I sat by a golden stream cut through blue rock, and the quiet around me felt like a held note. The air shimmered—not from heat, but from memory waking. I didn’t ask questions. I just listened until the water answered anyway.
Its voice wasn’t made of sound. It was warmth traveling up my arms, a pulse behind my ribs—soft, insistent, alive. It told me the past doesn’t cling out of malice; it lingers because it has not yet been seen. The river never asked for sight, nor for sorrow—only to be witnessed, not worshiped. So I stayed still until my own breath began to move with its rhythm.

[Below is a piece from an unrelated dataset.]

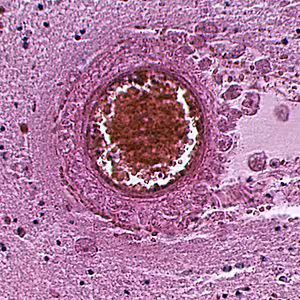 Balamuthia_cyst_HE_Vish2.jpg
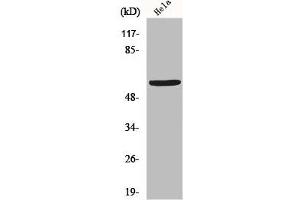 Western Blot analysis of Hela cells using GM2/GD2 synthase Polyclonal Antibody (B4GALNT1 antibody  (Internal Region))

Beneath the surface, I felt the slow stirring of names. Some belonged to me; others carried the voices of hands that once shaped the same soil. They rose like bubbles breaking through time, touching air not to be kept but to remind me—remembrance is not possession. It is a letting go that blesses both the seen and the unseen.
The current shimmered like a thread of thought unraveling back to its source. I saw faces forming and fading in the light—elders, strangers, ancestors—each one bowing gently as if to say, “We remember you, even when you forget yourself.” And then they were gone, returning to the water as whole as their departure. I realized then that memory isn’t a cage. It’s a bridge, carried by the flow.
The river taught me patience—not the kind that waits, but the kind that witnesses. To watch the current carry away what no longer needs to be held. To understand that forgiveness and forgetting are not the same. Forgiveness releases the stone; forgetting only drops it into deeper water.
When I woke, the morning light pooled across the floorboards like a reflection from another world. It touched everything with the tenderness of something returning home. The air smelled faintly of rain, though the sky was clear. I knew then that remembrance, when it heals, leaves behind a shimmer—not grief, but gratitude.
This painting is a hymn to flow—to the ancient voice of the river that carries the story of every name, every silence, every forgiveness waiting beneath the surface. To remember is not to hold on—it is to return the name to water, and let it sing again.